- Aim of the exercise
Give again the lines of the data from its first line through the line with "Patricia Goddess - Red lips fetish". Change nothing.

- Recorded information
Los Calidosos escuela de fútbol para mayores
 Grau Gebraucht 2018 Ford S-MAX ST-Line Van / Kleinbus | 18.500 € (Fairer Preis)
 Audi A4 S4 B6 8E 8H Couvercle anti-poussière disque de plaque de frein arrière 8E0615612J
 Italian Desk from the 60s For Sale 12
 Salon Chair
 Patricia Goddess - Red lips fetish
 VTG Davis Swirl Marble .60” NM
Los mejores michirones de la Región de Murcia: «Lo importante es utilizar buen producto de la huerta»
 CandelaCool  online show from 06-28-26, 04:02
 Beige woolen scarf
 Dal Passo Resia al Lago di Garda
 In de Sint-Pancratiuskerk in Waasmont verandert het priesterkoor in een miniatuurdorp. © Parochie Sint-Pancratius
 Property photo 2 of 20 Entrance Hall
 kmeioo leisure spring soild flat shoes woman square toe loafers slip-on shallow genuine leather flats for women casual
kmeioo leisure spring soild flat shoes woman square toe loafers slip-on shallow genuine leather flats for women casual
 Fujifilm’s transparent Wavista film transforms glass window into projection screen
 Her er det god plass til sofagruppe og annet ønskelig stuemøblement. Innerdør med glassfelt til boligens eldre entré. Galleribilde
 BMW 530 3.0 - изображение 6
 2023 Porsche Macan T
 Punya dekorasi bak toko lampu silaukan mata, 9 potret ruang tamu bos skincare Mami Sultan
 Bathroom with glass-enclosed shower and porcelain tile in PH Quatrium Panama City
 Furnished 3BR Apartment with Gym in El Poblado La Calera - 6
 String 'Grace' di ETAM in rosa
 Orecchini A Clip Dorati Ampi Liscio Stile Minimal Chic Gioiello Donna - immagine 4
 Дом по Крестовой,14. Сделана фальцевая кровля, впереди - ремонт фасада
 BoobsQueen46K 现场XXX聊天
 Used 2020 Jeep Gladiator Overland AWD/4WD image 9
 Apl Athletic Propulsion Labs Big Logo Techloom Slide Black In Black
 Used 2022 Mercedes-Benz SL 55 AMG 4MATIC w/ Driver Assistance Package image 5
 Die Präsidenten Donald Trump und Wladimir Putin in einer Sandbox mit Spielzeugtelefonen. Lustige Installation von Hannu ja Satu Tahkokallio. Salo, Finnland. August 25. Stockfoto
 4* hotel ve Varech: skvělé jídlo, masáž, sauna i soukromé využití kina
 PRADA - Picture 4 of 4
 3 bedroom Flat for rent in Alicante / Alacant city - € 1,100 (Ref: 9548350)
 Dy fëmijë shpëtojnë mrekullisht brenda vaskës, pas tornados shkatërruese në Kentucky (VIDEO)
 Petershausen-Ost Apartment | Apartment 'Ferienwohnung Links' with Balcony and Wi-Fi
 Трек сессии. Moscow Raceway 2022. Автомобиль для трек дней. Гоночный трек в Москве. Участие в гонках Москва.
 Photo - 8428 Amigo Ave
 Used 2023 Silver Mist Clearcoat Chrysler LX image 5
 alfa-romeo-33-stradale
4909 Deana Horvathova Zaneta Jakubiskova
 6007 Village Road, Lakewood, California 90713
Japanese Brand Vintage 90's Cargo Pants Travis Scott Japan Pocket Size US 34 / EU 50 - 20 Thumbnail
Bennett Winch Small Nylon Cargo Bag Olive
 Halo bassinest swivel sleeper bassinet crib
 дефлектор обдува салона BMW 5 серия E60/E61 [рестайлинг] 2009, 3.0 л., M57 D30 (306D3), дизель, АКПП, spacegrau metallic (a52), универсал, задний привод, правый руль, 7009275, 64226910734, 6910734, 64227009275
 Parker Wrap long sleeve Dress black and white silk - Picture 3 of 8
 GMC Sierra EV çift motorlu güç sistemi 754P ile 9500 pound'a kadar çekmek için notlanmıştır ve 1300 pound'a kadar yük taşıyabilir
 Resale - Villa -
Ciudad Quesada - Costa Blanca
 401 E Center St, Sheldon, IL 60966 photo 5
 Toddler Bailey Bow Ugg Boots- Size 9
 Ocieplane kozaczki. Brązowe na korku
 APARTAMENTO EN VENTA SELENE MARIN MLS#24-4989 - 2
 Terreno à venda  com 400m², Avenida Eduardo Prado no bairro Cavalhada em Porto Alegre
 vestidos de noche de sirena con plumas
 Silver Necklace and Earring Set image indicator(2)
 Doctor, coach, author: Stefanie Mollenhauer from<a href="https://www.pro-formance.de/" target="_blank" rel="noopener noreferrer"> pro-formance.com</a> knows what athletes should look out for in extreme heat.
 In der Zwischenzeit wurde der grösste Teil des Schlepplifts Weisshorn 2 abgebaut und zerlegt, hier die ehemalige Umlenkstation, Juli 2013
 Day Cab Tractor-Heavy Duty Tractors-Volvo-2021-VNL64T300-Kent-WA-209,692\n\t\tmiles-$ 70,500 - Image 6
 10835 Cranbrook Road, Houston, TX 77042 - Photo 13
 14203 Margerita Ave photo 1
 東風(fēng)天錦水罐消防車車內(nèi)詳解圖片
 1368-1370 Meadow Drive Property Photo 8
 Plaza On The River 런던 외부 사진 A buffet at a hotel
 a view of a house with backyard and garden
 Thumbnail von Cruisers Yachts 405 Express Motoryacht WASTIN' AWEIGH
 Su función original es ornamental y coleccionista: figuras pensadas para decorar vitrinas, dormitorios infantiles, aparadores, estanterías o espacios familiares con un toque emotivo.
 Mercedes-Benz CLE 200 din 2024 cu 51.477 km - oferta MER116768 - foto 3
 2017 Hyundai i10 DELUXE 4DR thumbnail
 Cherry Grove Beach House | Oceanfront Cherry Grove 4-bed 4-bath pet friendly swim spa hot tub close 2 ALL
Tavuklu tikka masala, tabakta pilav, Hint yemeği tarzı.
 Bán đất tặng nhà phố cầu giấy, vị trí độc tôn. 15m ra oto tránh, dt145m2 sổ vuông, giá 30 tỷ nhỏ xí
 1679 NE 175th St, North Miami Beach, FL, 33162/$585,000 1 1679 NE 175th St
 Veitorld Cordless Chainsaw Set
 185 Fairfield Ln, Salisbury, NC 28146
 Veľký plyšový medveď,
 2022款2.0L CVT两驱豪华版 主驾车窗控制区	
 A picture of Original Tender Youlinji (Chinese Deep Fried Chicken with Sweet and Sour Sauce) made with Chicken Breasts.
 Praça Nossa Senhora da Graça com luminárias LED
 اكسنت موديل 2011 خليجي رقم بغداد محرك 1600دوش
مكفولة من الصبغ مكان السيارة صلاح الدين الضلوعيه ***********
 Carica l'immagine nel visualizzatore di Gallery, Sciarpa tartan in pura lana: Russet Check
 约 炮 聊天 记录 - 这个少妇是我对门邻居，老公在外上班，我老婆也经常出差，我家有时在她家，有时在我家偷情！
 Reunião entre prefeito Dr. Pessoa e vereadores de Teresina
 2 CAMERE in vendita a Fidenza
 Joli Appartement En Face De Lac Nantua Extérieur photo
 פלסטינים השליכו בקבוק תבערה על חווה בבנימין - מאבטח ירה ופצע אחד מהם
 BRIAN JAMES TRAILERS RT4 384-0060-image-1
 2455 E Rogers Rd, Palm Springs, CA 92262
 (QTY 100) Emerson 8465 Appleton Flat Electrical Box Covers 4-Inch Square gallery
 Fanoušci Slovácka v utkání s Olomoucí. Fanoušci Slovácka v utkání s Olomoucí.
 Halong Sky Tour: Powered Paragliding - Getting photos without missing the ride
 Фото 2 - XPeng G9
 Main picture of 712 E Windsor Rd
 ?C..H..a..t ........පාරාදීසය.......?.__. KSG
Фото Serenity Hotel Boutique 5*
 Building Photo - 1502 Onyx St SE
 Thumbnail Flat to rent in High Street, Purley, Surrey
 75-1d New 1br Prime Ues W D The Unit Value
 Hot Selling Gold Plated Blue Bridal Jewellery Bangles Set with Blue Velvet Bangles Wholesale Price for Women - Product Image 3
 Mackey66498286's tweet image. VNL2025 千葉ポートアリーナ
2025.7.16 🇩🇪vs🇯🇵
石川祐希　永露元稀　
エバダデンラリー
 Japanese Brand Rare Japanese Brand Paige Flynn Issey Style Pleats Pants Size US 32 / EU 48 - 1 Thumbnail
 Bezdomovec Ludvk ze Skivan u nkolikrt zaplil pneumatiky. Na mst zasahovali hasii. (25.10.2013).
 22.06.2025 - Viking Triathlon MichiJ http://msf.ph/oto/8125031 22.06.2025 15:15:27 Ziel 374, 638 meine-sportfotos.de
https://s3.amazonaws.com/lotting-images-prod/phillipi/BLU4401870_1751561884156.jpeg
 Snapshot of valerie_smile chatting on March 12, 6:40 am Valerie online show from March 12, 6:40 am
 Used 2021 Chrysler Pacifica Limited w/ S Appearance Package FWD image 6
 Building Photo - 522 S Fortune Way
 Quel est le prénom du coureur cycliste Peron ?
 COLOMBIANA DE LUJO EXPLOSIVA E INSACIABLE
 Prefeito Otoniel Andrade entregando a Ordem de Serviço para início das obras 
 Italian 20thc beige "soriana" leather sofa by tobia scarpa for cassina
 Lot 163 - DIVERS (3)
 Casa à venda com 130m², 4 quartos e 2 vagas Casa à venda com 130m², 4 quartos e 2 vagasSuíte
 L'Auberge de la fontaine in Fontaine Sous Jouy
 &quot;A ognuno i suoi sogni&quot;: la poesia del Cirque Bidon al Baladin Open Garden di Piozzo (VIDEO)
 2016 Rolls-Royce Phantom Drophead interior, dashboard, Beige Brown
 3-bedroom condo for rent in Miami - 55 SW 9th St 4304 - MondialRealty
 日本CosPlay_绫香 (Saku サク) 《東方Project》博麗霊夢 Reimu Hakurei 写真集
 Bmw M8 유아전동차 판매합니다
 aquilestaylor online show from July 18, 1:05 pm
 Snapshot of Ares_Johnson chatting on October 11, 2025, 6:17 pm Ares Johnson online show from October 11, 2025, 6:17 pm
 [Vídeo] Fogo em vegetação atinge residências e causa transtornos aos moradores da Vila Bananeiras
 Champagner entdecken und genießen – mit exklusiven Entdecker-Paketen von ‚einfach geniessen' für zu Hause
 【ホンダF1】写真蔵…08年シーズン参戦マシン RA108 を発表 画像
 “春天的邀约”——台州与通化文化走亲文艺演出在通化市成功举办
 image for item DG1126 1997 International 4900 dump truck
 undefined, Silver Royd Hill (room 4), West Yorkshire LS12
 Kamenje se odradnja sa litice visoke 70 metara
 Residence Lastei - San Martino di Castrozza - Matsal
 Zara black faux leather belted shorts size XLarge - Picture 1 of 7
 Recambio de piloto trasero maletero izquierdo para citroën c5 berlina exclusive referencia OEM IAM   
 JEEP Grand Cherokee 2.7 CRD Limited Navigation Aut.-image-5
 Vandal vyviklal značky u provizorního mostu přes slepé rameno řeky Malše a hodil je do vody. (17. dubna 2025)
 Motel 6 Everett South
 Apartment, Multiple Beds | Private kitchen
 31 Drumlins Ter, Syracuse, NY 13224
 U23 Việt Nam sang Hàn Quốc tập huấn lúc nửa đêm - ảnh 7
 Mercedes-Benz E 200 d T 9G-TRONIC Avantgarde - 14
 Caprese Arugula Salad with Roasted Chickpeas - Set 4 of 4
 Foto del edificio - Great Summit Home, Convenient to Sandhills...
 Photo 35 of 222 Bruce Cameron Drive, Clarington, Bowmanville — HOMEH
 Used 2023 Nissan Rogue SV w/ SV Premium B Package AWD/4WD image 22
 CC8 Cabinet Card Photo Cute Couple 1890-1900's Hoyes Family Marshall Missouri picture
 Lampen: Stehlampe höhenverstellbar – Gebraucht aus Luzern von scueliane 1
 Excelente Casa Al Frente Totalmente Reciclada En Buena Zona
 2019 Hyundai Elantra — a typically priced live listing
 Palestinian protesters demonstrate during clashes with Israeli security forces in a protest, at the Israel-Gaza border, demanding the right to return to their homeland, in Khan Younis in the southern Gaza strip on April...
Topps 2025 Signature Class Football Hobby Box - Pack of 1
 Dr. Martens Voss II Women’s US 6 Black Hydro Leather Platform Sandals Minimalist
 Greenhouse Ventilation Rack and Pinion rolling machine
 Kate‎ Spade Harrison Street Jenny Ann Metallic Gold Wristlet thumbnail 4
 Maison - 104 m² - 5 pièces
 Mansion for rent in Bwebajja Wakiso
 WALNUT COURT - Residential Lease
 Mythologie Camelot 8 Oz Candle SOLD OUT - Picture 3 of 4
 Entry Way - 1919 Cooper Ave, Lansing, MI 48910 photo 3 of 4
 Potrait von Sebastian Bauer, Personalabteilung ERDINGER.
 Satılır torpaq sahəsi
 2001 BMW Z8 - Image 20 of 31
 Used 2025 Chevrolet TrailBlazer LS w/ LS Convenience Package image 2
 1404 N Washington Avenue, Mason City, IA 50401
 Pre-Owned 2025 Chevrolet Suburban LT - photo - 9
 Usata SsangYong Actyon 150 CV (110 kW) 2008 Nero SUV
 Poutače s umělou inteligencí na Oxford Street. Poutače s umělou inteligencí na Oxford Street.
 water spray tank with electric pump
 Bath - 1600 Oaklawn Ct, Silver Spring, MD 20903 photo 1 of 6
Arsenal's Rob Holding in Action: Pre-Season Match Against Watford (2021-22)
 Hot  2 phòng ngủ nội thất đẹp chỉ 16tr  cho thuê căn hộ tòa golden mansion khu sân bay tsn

- Answer section
Los Calidosos escuela de fútbol para mayores
 Grau Gebraucht 2018 Ford S-MAX ST-Line Van / Kleinbus | 18.500 € (Fairer Preis)
 Audi A4 S4 B6 8E 8H Couvercle anti-poussière disque de plaque de frein arrière 8E0615612J
 Italian Desk from the 60s For Sale 12
 Salon Chair
 Patricia Goddess - Red lips fetish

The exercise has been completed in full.